Dan, puncak dari semua kerjasama alutsista itu adalah dinantikannya proyek prestisius pembuatan 3 kapal selam dalam waktu dekat ini.  Kunjungan Menhan Korsel ke Jakarta 8 September lalu menyiratkan upaya kuat negeri itu memenangkan pertarungan tender melawan Turki.  Nah kalau mau didolarkan nilai kerjasama proyek alutsista RI termasuk dengan pola berbagi ilmu tadi Korsel setidaknya akan mendulang  US$ 3,8 milyar.  Rinciannya US$ 2 milyar untuk proyek jet tempur KFX, US$ 1,2 milyar untuk proyek kapal selam, US$ 400 juta untuk proyek jet latih tempur T-50, sisanya proyek tank IFV K21, proyek panser anoa tarantula dan upgrade kapal selam KRI Nanggala.
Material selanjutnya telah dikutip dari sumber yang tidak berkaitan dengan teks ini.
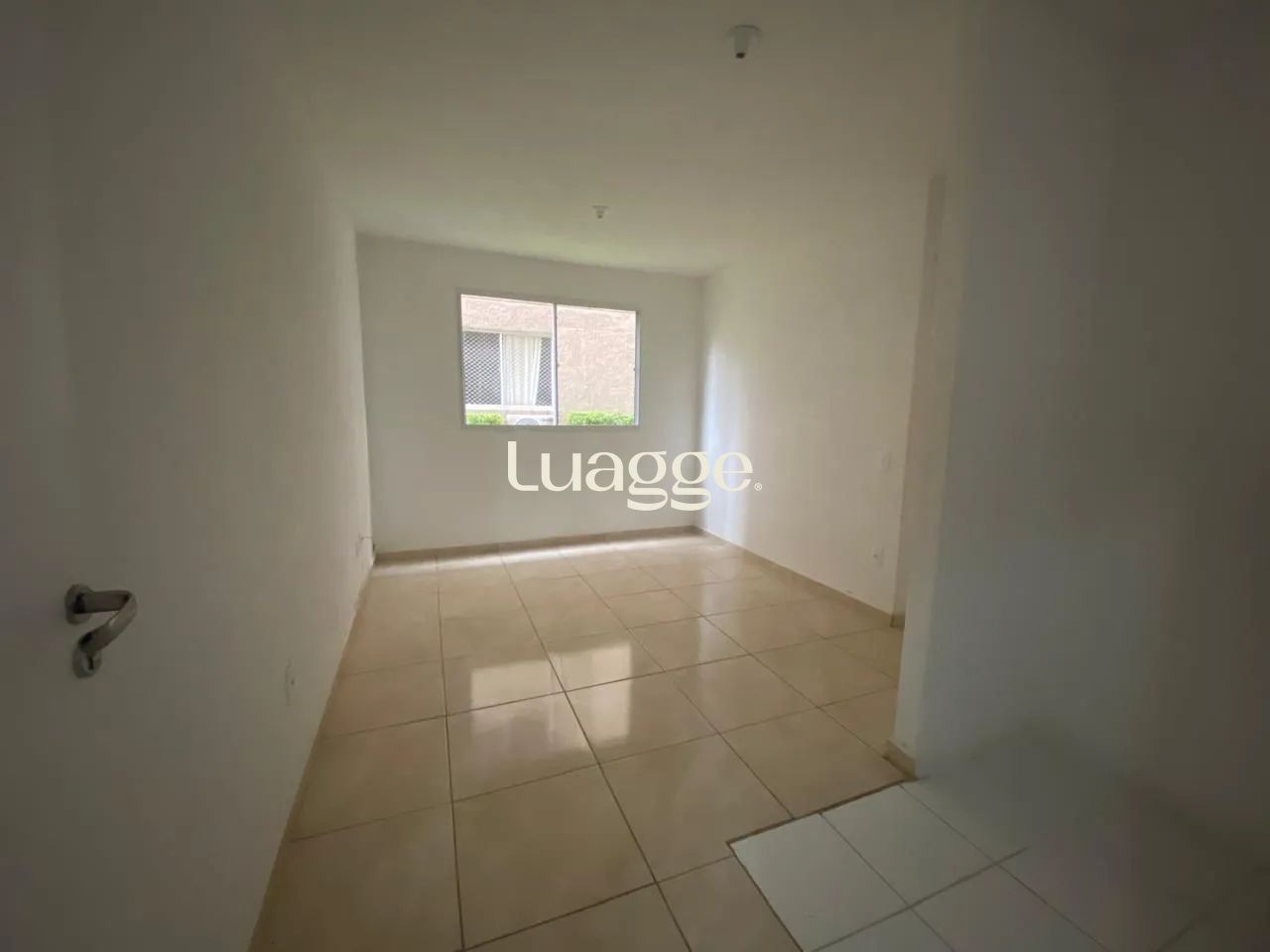 Apartamento à venda com 2 quartos, 39m² - Foto 2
Kedekatan hubungan Korina (Korea_Indonesia) tidak hanya belaku pada sektor alutsista. Barang-barang produk Korsel mulai dari otomotif sampai dengan gadget sudah begitu kita kenal dan pergunakan.  Kedekatan lain yang mampu mengikat kedekatan emosional adalah hadirnya beragam jenis sinetron Korea di layar kaca TV kita.  Sinetron dari negeri ginseng ini saat ini begitu melekat dimata pemirsa.  Hebohnya lagi ada satu stasiun TV nasional Indosiar yang menayangkan beragam jenis sinetron Korsel dari pagi sampai sore, mestinya namanya ditukar saja dari Indosiar menadi Indorea.  Tak ketinggalan jua  kiblat model dan gaya group penyanyi kita ya prianya ya wanitanya mengikuti banget gaya artis Korsel.  Ini adalah sebuah fenomena yang jarang terjadi, ada kerjasama militer yang begitu dekat, ada kerjasama ekonomi yang sudah akrab, ada pula ”kerjasama” kedekatan emosional dalam dunia hiburan.  Siapa yang tak kenal dengan nama-nama artis Korea yang setiap hari berkunjung via media TV untuk kemudian pemirsa kita terbawa dalam dinamika emosi jalan cerita sinetron.

Suka tidak suka itulah yang terjadi saat ini.  Budaya Korsel memang banyak persamaan dengan Indonesia, menghargai tata krama, tidak arogan, hubungan antar negara dan rakyatnya dibangun dalam konsep kesetaraan. Tenaga kerja Indonesia banyak yang bekerja di Korsel dengan perjanjian kerja yang menghargai konsep kemitraan.  Kedekatan hubungan dengan Korsel itu malah melebihi kedekatan hubungan kita dengan negara serumpun Malaysia. Jadi tak salah kalau kita menyebut kedekatan dan kemesraan hubungan Korina ini seperti motto iklan sebuah perusahaan telekomunikasi : begitu dekat, begitu nyata.  Atau, walau jauh di mata namun dekat di hati.